稲穂

2019年9月の諏訪地方の山々は極度の雨不足で松茸等のきのこは大不作となった反面、稲の圃場の足場は硬く機械が汚れない程の好条件でしたのでコンバイン作業は捗りました。

秋の田の稲穂を見て詠んだ但馬皇女の穂積皇子への相聞歌(万葉集2-114)

秋の田の 穂向きの寄れる 異寄りに 君に寄りなな 事痛かりとも

があります。以前ラジオから奈良大学の上野教授の解説が流れ、 「風が吹くと稲穂が同じ向きに傾くでしょう。そんなふうに貴方に寄り添いたい、周りに口うるさく言われようとも。」 の解釈でした。
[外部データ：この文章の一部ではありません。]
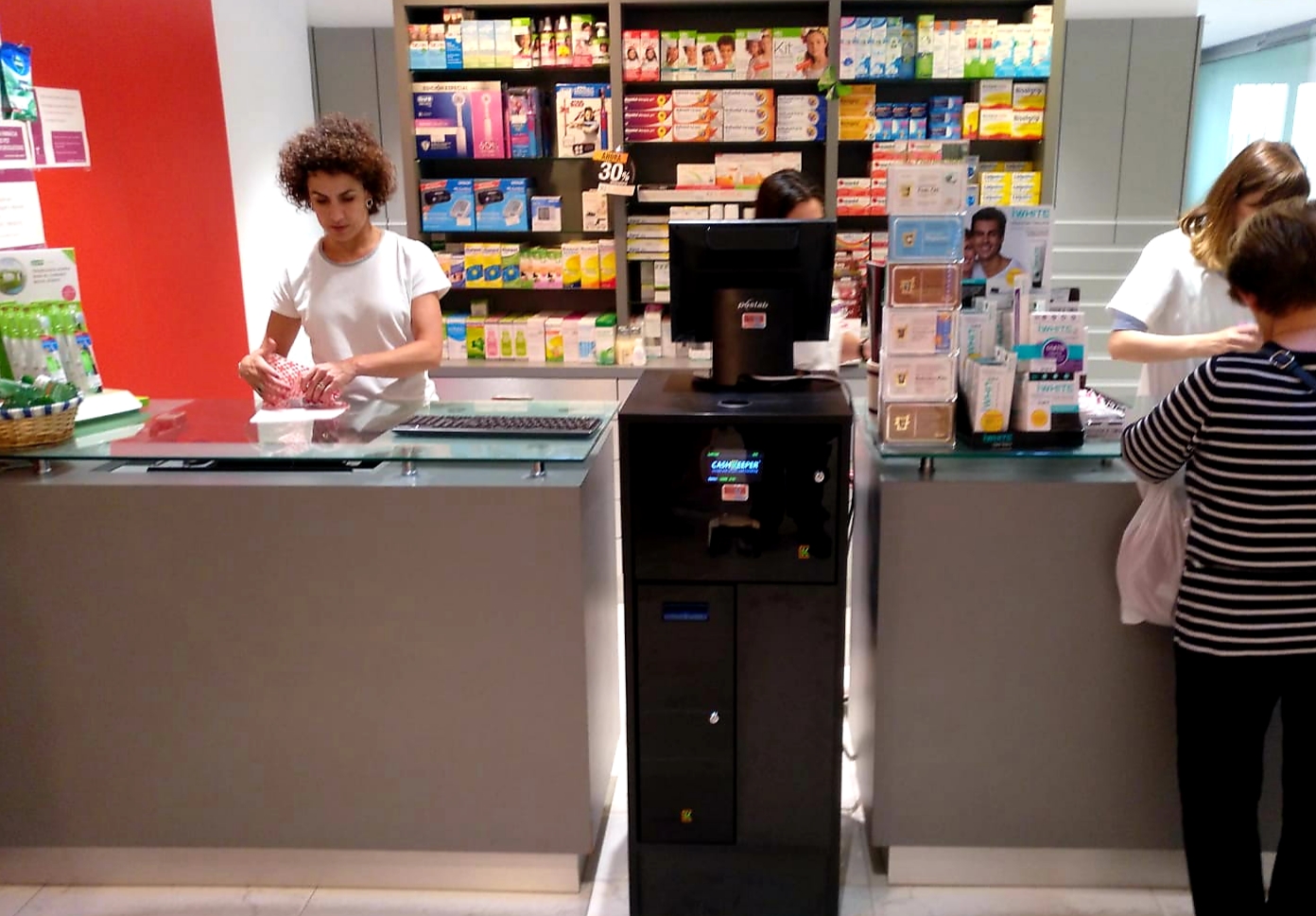 CashKeeper en un punto de atención de farmacia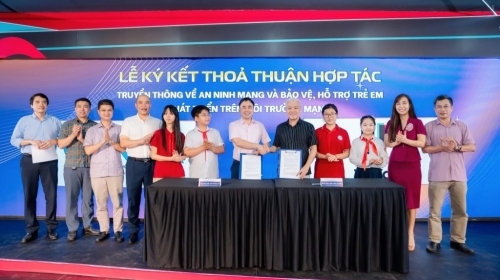 Thầy cô, phụ huynh và học sinh trường THCS Vân Canh tham dự chương trình “Thiếu niên nói 2026\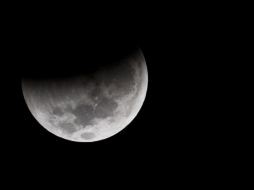 Los atronómos observan la Tierra no de forma directa, sino a través del reflejo que proyecta sobre su satélite, la Luna. AFP  /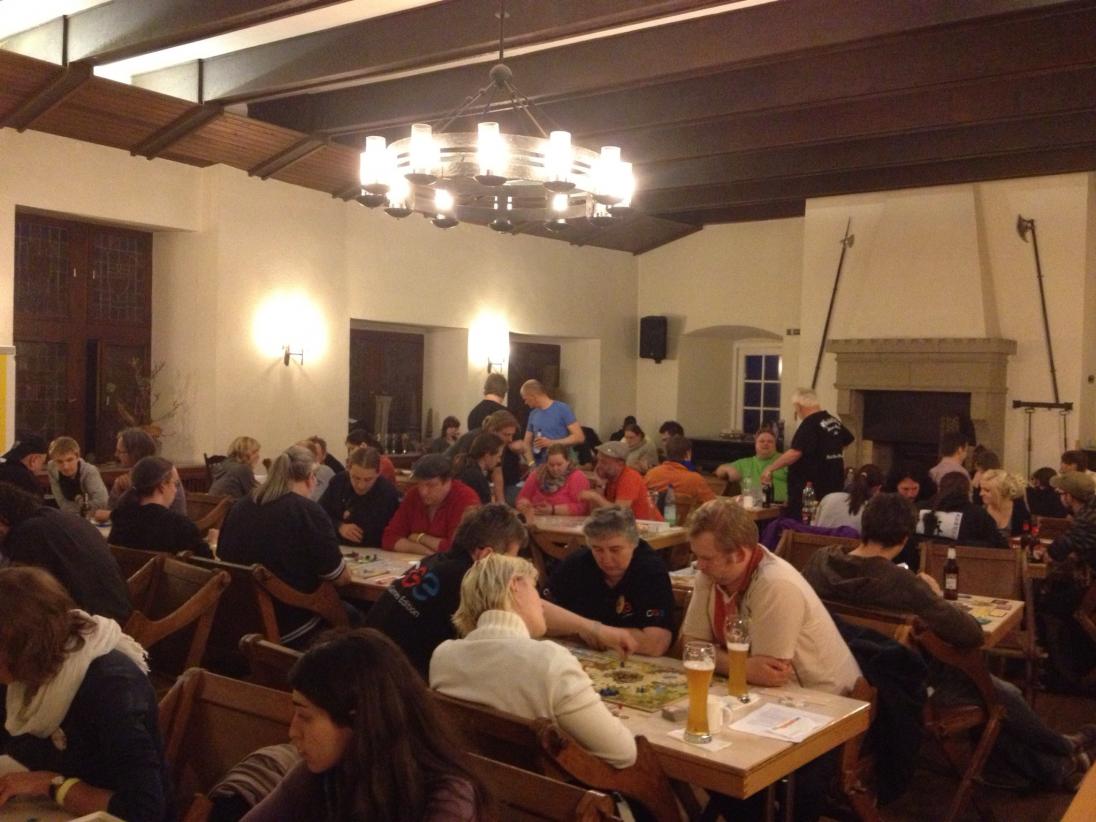 Große Halle zur späten Stunde.jpg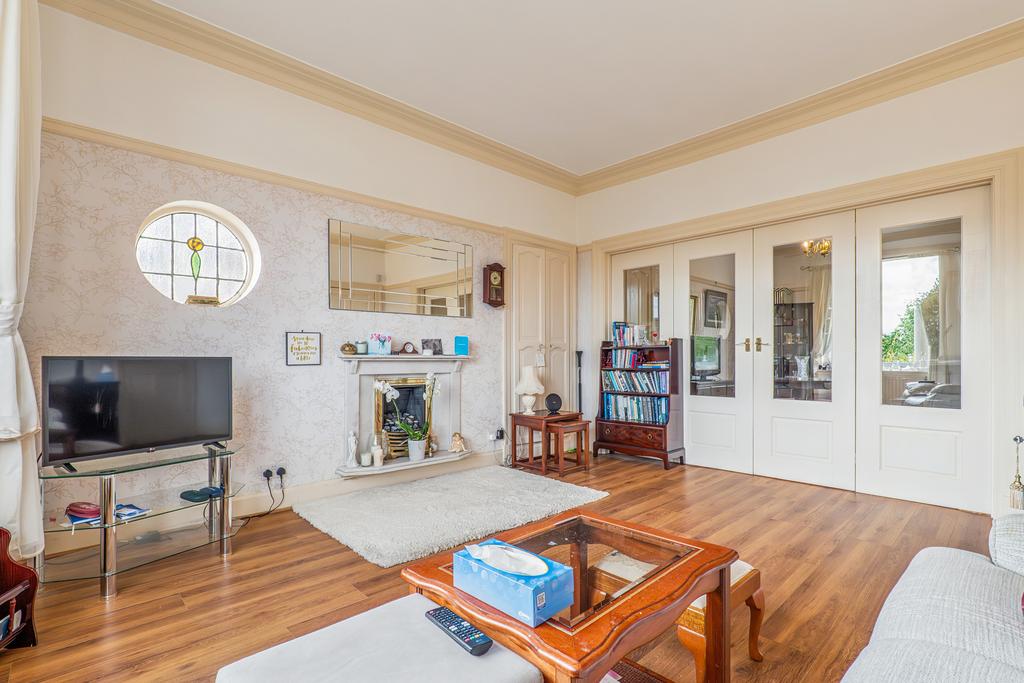 House in Bearsden, East Dunbartonshire - More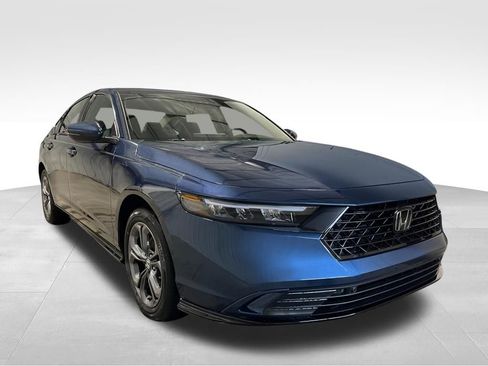 New 2026 Honda Accord EX-L image 9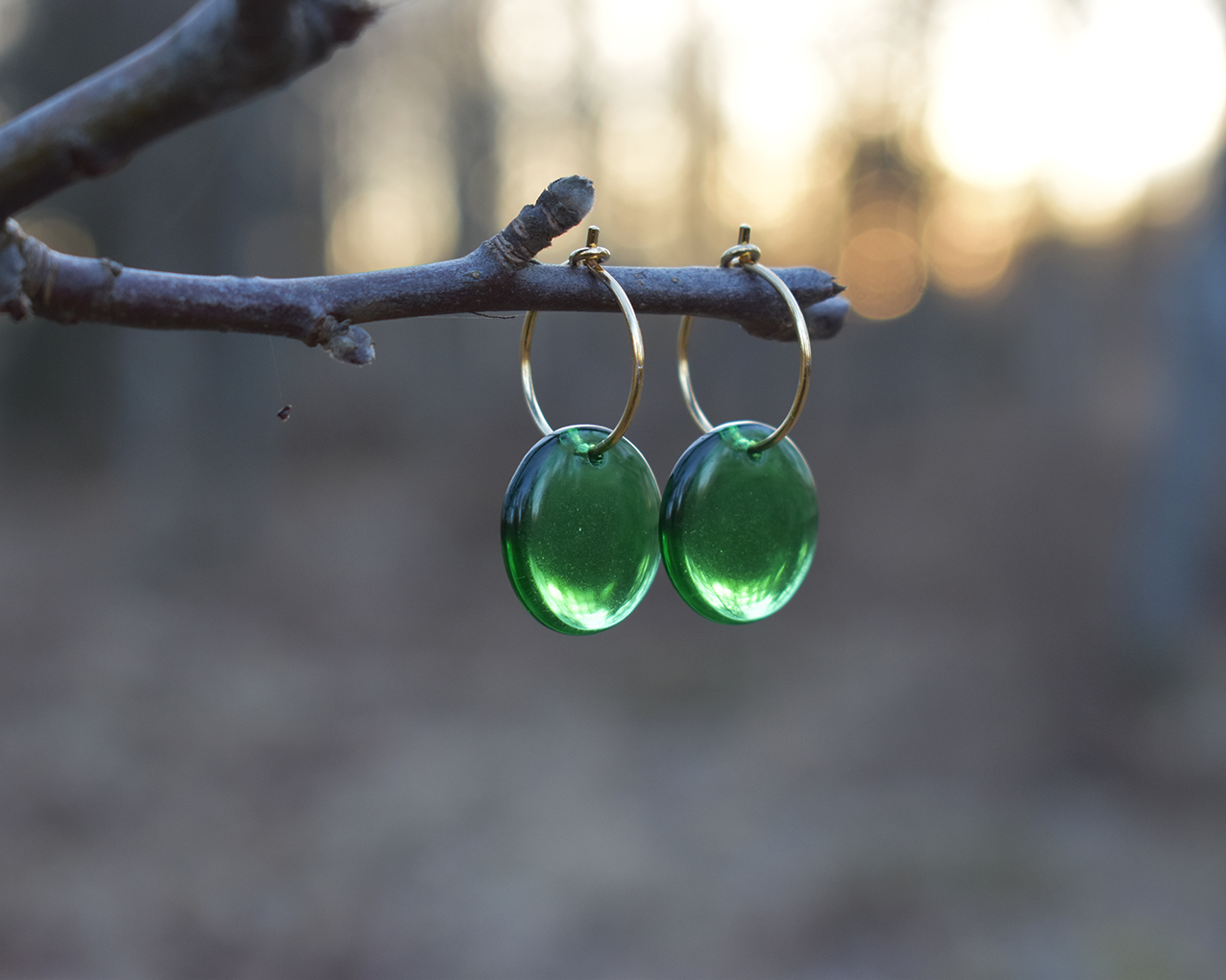SIKA FOREST - earrings in green glass gold plated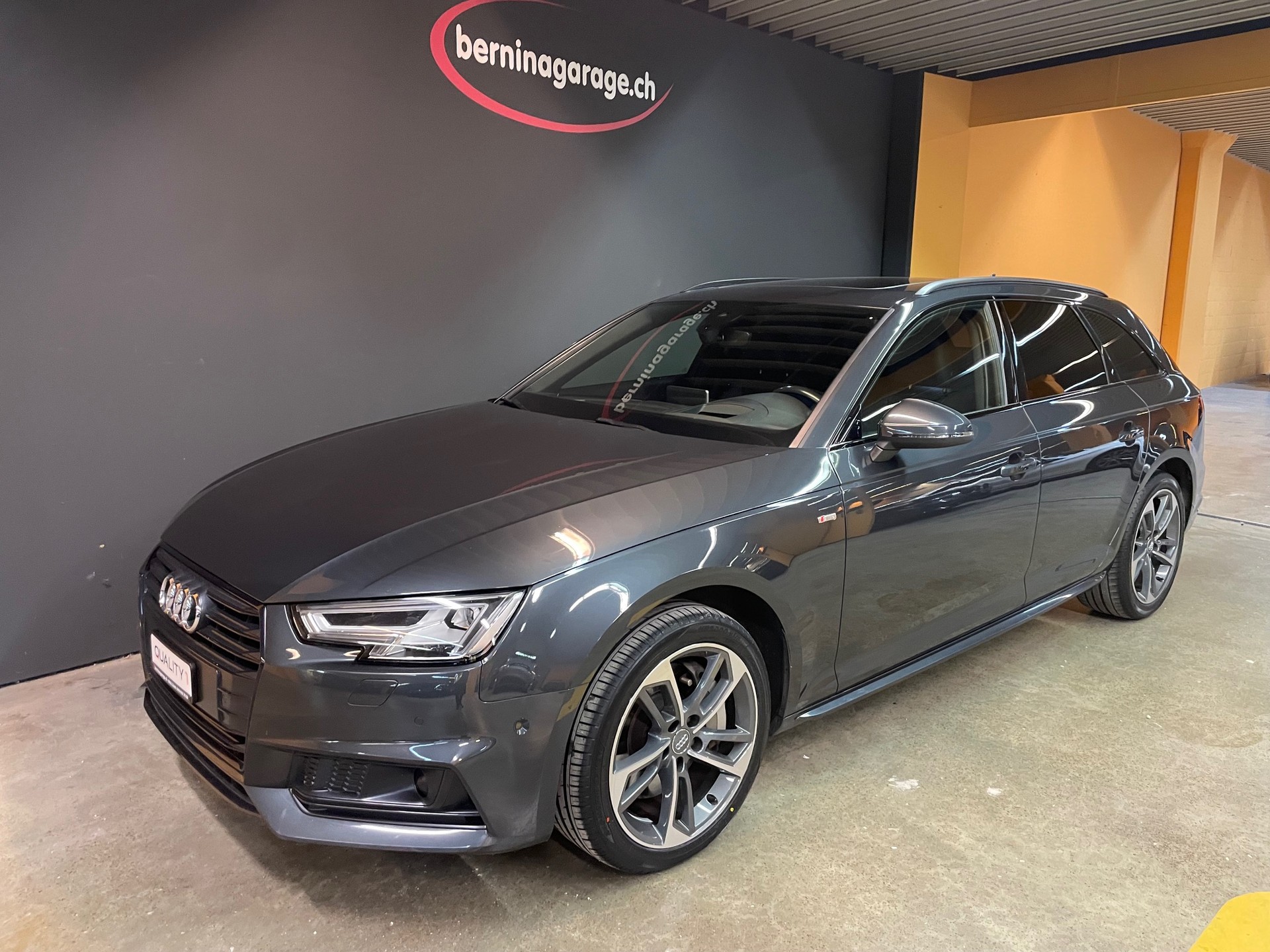 AUDI A4 Avant 2.0 TFSI Tiptronic-image-0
米農家を10年以上続けてきましたが、注意して稲穂の傾きを観察することはなかったのですが、この解説以来、刈り入れ前の圃場の現場に出掛けて良く眺めるようになりました。 それで気が付くことは、稲穂は登熟するとあちらこちらの向きに頭を垂れていることです。一方向ではない。風が吹き台風のような強風の折は特に同じ向きには片寄るのですが、どうも風情を感じられない。今一つピンとこない。

直訳すれば「秋の田の穂向きが寄っている。どんなふうに。異なる方向に。でも君に寄り添いたい、どんなに口うるさく言われようとも。」 と意訳します。

そのため「風が吹くと稲穂は同じ方向に傾くでしょう。」は強引な解釈と思われてなりません。「片寄りに」の訳も違うのでは。異所縁の原文を尊重したい。

私訳「秋の田の稲穂はあちらこちらに傾いています。でも私は貴方に寄り添いたい、どんなに口うるさく言われようとも。」 ずっと恋情が伝わります。

但馬皇女は708年若くして亡くなりますが、若い皇女の立場でこんなにも注意深く圃場の稲穂を観察したのでしょうか。まして稲刈りをされたとは思えません。

この相聞歌は、同じく708年頃、非業の死を遂げている人麻呂が教授されていたのではとさえ思われてなりません。それほどに観察眼が秀逸です。老獪な経験者でないと稲穂の向きには注意を払えないと思います。

相聞歌でも名手の人麻呂ですから。